War cuts the heart out of humankind
In the apartment of my friends in Baghdad, Iraq, they tell me about how each of them had been impacted by the ugliness of the 2003 US-imposed illegal war on their country.
Yusuf and Anisa are both members of the Federation of Journalists of Iraq and both have experience as “stringers” for Western media companies that came to Baghdad amid the war.
When I first went to their apartment for dinner in the well-positioned Waziriyah neighborhood, I was struck by the fact that Anisa – whom I had known as a secular person – wore a veil on her face.
“I wear this scarf,” Anisa said to me later in the evening, “to hide the scar on my jaw and neck, the scar made by a bullet wound from a US soldier who panicked after an IED [improvised explosive device] went off beside his patrol.”
Earlier in the day, Yusuf had taken me around New Baghdad City, where in 2007 an Apache helicopter had killed almost 20 civilians and injured two children.

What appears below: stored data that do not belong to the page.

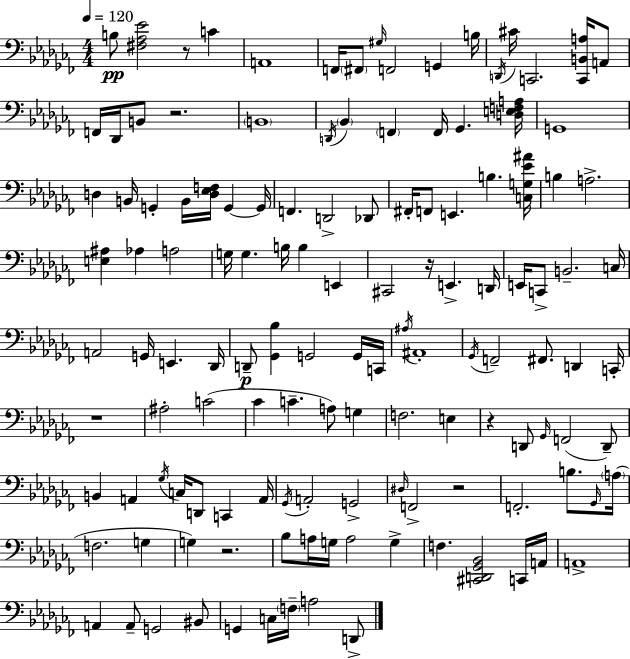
X:1
T:Untitled
M:4/4
L:1/4
K:Abm
B,/2 [^F,_A,_E]2 z/2 C A,,4 F,,/4 ^F,,/2 ^G,/4 F,,2 G,, B,/4 D,,/4 ^C/4 C,,2 [C,,B,,A,]/4 A,,/2 F,,/4 _D,,/4 B,,/2 z2 B,,4 D,,/4 _B,, F,, F,,/4 _G,, [D,E,F,A,]/4 G,,4 D, B,,/4 G,, B,,/4 [D,_E,F,]/4 G,, G,,/4 F,, D,,2 _D,,/2 ^F,,/4 F,,/2 E,, B, [C,G,_E^A]/4 B, A,2 [E,^A,] _A, A,2 G,/4 G, B,/4 B, E,, ^C,,2 z/4 E,, D,,/4 E,,/4 C,,/2 B,,2 C,/4 A,,2 G,,/4 E,, _D,,/4 D,,/2 [_G,,_B,] G,,2 G,,/4 C,,/4 ^A,/4 ^A,,4 _G,,/4 F,,2 ^F,,/2 D,, C,,/4 z4 ^A,2 C2 _C C A,/2 G, F,2 E, z D,,/2 _G,,/4 F,,2 D,,/2 B,, A,, _G,/4 C,/4 D,,/2 C,, A,,/4 _G,,/4 A,,2 G,,2 ^D,/4 F,,2 z2 F,,2 B,/2 _G,,/4 A,/4 F,2 G, G, z2 _B,/2 A,/4 G,/4 A,2 G, F, [^C,,D,,_G,,_B,,]2 C,,/4 A,,/4 A,,4 A,, A,,/2 G,,2 ^B,,/2 G,, C,/4 F,/4 A,2 D,,/2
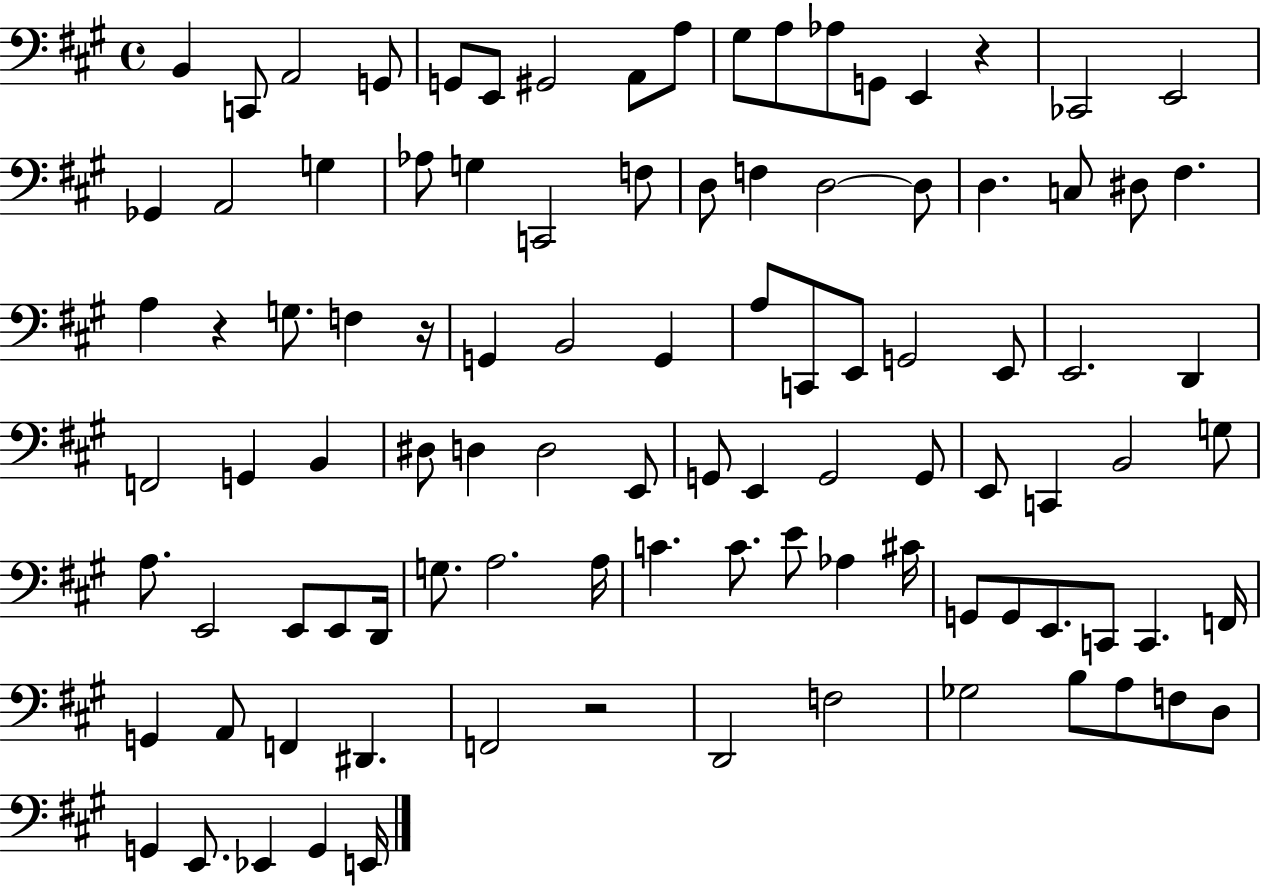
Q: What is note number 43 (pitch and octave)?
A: E2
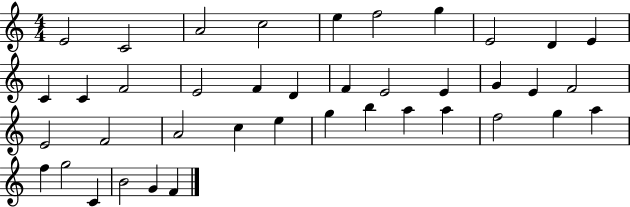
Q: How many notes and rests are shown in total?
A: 40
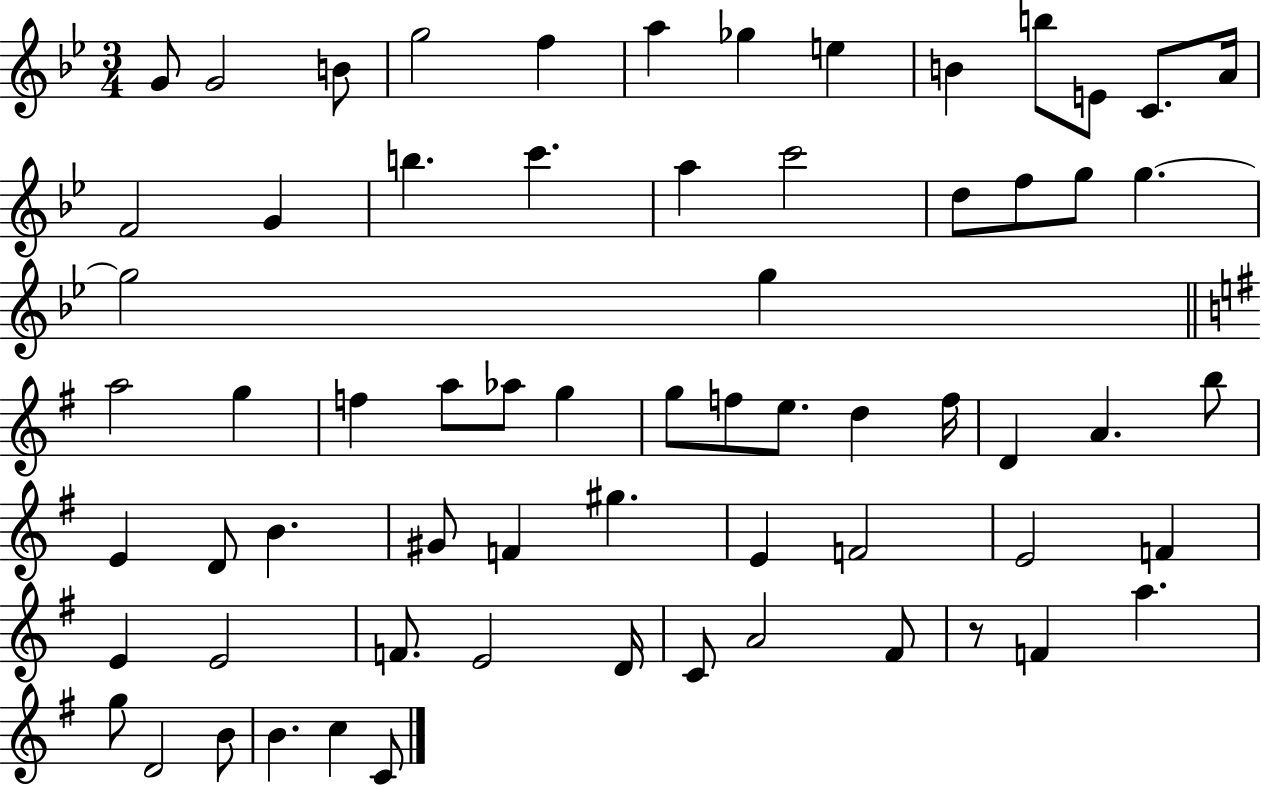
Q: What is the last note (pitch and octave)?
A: C4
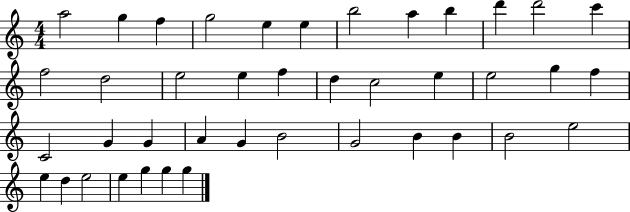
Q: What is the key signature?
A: C major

Among the dead were two journalists who worked for Reuters, Saeed Chmagh and Namir Noor-Eldeen.
“This is where they were killed,” Yusuf tells me as he points to the square. “And this is where Saleh [Matasher Tomal] parked his minivan to rescue Saeed, who had not yet died. And this is where the Apache shot at the minivan, grievously injuring Saleh’s children, Sajad and Duah.”
I was interested in this place because the entire incident was captured on film by the US military and released by Wikileaks as “Collateral Murder.” Julian Assange is in prison largely because he led the team that released this video (he has now received the right to challenge in a UK court his extradition to the United States). The video presented direct evidence of a horrific war crime.